DATASET RECORDS START

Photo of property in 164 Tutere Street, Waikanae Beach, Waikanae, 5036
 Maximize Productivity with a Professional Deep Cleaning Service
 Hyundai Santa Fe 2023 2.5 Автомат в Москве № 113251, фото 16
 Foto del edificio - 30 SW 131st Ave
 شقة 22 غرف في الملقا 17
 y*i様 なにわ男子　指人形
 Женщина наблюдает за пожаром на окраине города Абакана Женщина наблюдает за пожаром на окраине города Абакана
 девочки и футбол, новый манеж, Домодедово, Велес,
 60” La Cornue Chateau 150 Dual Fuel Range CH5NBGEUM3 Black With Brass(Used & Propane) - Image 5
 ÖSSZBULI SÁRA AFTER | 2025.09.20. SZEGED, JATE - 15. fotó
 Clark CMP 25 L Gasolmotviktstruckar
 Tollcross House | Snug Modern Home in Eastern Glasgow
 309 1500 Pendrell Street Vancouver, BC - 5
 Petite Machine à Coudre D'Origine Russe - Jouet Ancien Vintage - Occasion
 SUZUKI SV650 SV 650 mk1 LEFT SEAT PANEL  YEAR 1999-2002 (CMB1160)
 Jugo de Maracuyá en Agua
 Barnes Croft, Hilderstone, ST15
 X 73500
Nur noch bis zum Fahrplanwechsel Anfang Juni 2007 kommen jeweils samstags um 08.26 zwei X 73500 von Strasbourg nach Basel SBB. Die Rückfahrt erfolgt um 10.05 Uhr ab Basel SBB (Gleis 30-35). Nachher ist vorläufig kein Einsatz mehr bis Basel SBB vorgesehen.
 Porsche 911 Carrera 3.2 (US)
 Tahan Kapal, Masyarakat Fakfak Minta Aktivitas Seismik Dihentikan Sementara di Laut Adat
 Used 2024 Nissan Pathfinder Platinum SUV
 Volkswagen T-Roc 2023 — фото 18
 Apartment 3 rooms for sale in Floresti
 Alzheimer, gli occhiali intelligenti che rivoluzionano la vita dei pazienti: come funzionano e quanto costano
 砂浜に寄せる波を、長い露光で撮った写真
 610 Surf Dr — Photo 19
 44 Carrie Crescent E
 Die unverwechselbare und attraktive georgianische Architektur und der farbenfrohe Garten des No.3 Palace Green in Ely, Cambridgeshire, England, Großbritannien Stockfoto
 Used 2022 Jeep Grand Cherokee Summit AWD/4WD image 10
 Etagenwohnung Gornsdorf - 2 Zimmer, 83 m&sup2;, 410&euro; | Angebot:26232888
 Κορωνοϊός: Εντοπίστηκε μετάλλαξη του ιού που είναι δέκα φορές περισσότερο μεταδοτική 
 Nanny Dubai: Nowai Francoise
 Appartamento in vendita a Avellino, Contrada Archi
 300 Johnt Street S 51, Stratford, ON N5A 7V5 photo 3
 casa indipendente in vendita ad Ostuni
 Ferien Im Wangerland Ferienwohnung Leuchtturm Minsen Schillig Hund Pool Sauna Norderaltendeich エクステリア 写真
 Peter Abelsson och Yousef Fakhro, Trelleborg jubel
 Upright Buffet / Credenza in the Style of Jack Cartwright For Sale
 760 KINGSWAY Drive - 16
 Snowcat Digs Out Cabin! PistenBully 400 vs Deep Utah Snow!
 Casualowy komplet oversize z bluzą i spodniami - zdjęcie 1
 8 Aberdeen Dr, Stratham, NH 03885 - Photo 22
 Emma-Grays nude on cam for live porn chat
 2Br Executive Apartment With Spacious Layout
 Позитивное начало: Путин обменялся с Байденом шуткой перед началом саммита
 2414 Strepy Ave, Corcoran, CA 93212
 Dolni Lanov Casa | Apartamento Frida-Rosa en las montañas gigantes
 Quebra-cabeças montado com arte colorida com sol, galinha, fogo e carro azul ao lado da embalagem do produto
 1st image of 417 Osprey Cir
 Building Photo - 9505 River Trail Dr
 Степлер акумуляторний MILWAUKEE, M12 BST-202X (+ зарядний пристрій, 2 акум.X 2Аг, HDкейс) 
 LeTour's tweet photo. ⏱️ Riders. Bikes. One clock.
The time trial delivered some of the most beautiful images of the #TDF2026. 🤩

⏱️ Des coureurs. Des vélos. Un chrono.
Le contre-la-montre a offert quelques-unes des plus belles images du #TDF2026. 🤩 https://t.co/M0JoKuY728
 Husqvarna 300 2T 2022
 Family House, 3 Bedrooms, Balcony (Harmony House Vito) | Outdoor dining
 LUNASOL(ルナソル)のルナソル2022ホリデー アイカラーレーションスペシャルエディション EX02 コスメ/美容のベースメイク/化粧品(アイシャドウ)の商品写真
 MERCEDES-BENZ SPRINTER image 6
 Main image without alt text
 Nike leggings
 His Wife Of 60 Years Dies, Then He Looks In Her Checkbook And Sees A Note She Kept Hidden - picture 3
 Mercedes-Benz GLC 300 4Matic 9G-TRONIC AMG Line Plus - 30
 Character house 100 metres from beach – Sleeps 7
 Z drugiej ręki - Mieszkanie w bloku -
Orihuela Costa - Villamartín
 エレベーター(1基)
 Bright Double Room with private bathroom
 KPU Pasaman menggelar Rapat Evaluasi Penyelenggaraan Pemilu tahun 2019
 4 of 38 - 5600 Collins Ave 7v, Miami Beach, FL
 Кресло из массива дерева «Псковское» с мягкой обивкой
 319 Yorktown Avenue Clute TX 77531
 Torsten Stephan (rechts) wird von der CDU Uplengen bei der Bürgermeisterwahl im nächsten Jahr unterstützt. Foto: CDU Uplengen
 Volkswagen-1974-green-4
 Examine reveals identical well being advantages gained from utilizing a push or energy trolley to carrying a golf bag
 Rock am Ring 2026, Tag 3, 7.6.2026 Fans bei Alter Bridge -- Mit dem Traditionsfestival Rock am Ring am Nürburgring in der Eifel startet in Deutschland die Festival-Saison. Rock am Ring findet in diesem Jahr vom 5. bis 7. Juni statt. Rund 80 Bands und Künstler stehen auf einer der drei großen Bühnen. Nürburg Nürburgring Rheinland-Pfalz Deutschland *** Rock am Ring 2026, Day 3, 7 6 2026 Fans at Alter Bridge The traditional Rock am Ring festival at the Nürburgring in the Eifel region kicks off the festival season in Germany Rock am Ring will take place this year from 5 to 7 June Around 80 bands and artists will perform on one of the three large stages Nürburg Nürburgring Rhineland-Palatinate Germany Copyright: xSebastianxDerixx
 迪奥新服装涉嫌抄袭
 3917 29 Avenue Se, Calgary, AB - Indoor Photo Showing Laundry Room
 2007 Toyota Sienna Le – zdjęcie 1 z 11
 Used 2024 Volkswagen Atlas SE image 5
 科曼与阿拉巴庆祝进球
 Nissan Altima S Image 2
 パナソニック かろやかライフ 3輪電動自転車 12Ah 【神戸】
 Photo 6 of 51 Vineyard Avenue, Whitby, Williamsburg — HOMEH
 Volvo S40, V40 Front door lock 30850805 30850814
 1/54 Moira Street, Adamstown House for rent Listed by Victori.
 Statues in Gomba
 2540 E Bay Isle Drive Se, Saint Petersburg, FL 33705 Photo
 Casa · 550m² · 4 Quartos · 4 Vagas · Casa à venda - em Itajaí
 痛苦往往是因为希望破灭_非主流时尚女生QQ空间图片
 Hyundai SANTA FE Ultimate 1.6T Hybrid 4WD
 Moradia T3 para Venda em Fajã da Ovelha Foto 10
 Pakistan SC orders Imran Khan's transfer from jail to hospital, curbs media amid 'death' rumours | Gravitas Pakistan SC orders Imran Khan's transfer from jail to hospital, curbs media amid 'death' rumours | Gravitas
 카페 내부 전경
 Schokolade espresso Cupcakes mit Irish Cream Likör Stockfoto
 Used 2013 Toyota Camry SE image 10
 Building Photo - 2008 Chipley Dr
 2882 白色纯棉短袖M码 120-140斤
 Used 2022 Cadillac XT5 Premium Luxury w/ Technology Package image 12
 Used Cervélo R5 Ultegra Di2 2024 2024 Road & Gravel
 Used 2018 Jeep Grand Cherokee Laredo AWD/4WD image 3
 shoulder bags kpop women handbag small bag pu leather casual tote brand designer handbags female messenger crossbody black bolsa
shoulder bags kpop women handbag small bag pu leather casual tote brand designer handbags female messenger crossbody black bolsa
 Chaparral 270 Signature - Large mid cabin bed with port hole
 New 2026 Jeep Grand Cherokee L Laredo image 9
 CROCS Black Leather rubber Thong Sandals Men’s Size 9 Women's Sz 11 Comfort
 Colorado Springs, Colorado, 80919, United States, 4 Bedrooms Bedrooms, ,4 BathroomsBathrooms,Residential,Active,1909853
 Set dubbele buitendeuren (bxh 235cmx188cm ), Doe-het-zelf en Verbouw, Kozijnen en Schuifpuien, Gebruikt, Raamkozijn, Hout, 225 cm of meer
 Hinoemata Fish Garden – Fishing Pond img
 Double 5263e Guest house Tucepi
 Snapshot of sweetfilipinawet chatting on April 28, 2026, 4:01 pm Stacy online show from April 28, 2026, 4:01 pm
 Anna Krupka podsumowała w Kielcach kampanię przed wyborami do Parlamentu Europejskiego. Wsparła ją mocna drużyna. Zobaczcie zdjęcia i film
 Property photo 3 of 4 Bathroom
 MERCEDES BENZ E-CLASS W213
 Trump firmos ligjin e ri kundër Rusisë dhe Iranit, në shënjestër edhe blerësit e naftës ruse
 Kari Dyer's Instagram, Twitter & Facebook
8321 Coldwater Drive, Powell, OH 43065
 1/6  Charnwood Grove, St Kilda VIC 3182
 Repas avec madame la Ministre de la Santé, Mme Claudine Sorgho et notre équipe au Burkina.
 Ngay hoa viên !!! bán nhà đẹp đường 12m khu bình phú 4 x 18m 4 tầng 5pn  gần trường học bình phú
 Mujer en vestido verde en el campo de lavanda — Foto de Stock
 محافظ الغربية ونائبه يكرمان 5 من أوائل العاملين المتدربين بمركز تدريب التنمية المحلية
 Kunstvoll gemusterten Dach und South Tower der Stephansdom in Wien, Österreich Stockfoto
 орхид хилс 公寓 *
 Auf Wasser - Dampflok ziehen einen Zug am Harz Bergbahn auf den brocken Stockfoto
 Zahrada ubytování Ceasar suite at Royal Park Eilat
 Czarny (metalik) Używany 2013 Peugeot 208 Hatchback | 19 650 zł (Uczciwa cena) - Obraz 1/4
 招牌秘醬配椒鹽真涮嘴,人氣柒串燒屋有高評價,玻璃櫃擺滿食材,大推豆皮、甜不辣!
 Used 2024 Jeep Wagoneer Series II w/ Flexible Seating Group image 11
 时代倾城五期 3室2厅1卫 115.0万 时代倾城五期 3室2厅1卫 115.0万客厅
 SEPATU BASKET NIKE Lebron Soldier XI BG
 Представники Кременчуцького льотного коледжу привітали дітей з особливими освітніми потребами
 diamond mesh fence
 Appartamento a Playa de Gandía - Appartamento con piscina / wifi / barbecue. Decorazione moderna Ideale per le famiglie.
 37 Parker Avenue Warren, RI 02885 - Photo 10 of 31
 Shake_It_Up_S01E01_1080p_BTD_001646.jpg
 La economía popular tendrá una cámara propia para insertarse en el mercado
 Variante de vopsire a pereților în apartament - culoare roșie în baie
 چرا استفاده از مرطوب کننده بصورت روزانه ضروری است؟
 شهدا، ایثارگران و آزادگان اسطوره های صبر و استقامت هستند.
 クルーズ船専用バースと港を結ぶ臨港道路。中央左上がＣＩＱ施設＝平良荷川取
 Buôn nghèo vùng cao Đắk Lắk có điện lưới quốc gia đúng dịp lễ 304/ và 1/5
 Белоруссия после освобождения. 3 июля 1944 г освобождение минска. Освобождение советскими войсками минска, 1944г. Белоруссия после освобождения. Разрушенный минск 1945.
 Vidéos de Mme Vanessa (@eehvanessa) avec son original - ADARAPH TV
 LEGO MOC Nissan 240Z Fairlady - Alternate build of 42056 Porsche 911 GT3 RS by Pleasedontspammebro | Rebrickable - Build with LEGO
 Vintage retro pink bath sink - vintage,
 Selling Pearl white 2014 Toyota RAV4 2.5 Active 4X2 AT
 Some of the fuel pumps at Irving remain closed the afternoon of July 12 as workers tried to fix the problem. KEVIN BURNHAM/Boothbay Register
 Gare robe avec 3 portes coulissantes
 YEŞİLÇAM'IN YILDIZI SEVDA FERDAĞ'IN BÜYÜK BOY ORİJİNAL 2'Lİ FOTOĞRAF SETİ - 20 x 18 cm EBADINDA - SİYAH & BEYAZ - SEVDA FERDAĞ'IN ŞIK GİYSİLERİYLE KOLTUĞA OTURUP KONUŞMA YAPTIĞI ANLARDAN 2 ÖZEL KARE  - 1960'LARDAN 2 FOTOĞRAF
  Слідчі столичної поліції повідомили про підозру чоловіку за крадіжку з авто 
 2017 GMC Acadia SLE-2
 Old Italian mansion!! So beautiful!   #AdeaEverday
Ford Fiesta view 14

DATASET RECORDS END

### YOUR GOAL
State the number of lines in the records that hold the string "Street", and add nothing.

### YOUR SOLUTION
4